Class Representative Palm Tran, Inc. Amalgamated Transit Union Local 1577 Pension Plan (“Palm Tran” or “Class Representative”), on behalf of itself and the Class, alleges that Defendants Grupo Televisa, S.A.B., Emilio Fernando Azcárraga Jean III, and Salvi Rafael Folch Viadero (collectively, the “Defendants”) committed securities fraud in violation of §§10(b) and 20(a) of the Securities Exchange Act of 1934. Specifically, Class Representative alleges that from April 11, 2013 to November 17, 2017, Defendants made materially false and misleading statements and/or failed to disclose adverse information regarding the Televisa’s business and operations, including failing to disclose that it had acquired broadcasting rights to the 2018, 2022, 2026, and 2030 FIFA World Cups through bribery and stating in public filings that it adhered to the highest ethical standards. Class Representative alleges that because of Defendants’ false statements and/or omissions, Televisa ADRs (a security traded on the New York Stock Exchange) traded at artificially inflated prices. Class Representative further alleges that when the true facts regarding Televisa’s acquisition of valuable World Cup broadcasting rights were revealed, that artificial inflation was removed from the price of Televisa ADRs, causing the price to drop and damaging Members of the Class.
Defendants deny all of Class Representative’s claims, allegations, and contentions of fault, liability, wrongdoing, and damages. Defendants contend that they did not make any false or misleading statements and that they disclosed all information required to be disclosed by the federal securities laws.
For full case details, please see the Stipulation of Settlement dated April 14, 2023, by and between Palm Tran, on behalf of itself and the Class, on the one hand, and Defendants, on the other hand.
The case is currently pending before the Honorable Louis L. Stanton in the United States District Court for the Southern District of New York. The initial complaint was filed on March 5, 2018, and an Amended Complaint was filed on August 6, 2018. On June 29, 2020, the Court appointed Palm Tran, Inc. Amalgamated Transit Union Local 1577 Pension Plan as Class Representative. On October 8, 2021, the Court appointed Boies Schiller Flexner LLP (“BSF”) as Lead Counsel.
On October 15, 2018, Defendants moved to dismiss the Complaint. The Court denied the motion on March 25, 2019. Defendants initially answered the Complaint on April 15, 2019, and later amended their answer on July 21, 2020.
On June 29, 2020, the Court certified a class and appointed Palm Tran as Class Representative. The Class includes all persons who purchased or otherwise acquired Televisa ADRs between April 11, 2013 through November 17, 2017, inclusive.
On April 12, 2021, Defendants moved to decertify the Class and remove Palm Tran and its original lawyers. The Court removed Palm Tran’s original lawyers but did not decertify the Class or remove Palm Tran as Class Representative. The District Court subsequently appointed BSF as Lead Counsel for the Class on October 8, 2021.
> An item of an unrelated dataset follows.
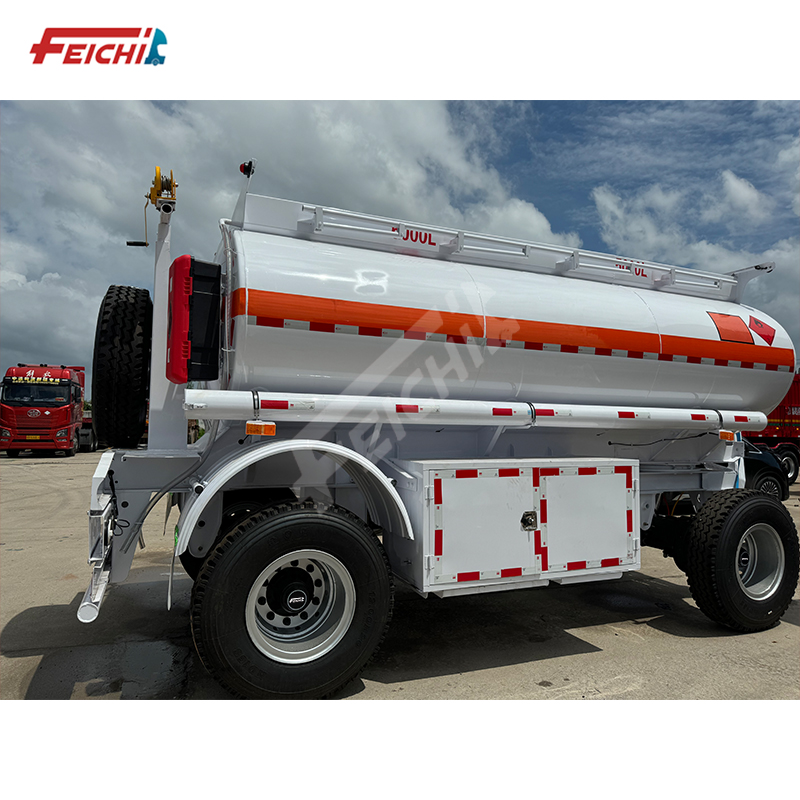 2 Axle Towbar Tanker Carbon Steel 10,000 Liters Fuel Oil Diesel Gasoline Tanker Semi Trailer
In August 2022, Defendants moved for summary judgment on all claims and sought to exclude Class Representative’s experts. On October 10, 2022, the parties participated in a confidential mediation with an experienced mediator. The mediation was preceded by the submission and exchange of mediation statements by the parties. The parties engaged in good faith negotiations but did not reach a settlement, and litigation continued. Following additional discussions facilitated by the mediator, the Settling Parties reached an agreement announced on November 23, 2022 to settle the case in return for a cash payment of $95,000,000.00 for the benefit of the Class. On April 14, 2023, the parties sought the Court’s preliminary approval of the Settlement, which the Court granted on April 20, 2023.
For additional details on the history of the case, please see the Stipulation of Settlement dated April 14, 2023, by and between Palm Tran, on behalf of itself and the Class, on the one hand, and the Defendants, on the other hand.
The Settlement was reached after contested litigation directed to the sufficiency of the allegations supporting Class Representative’s claims. The parties also completed document, deposition, and expert discovery. Nevertheless, the Court has not reached any final decisions in connection with Class Representative’s claims against Defendants. Instead, Class Representative and Defendants have agreed to the Settlement, which was reached with the substantial assistance of a highly respected mediator. In reaching the Settlement, the parties have avoided the cost, delay, and uncertainty of further litigation, including trial.
As in any litigation, Class Representative and the Class would face an uncertain outcome if they did not agree to the Settlement. If Class Representative succeeded at summary judgment or at trial, Defendants would likely file appeals that would postpone final resolution of the case for years. Although continuation of the case against Defendants could result in a judgment greater than this Settlement, continuing the case could result in no recovery at all or a recovery that is less than the amount of the Settlement.
Class Representative and Lead Counsel believe that this Settlement is fair and reasonable to the Members of the Class. They have reached this conclusion for several reasons. Specifically, if the Settlement is approved, the Class will receive a certain and immediate monetary recovery. Additionally, Lead Counsel believes that the significant and immediate benefits of the Settlement, when weighed against the significant risk, delay, and uncertainty of continued litigation, are a very favorable result for the Class.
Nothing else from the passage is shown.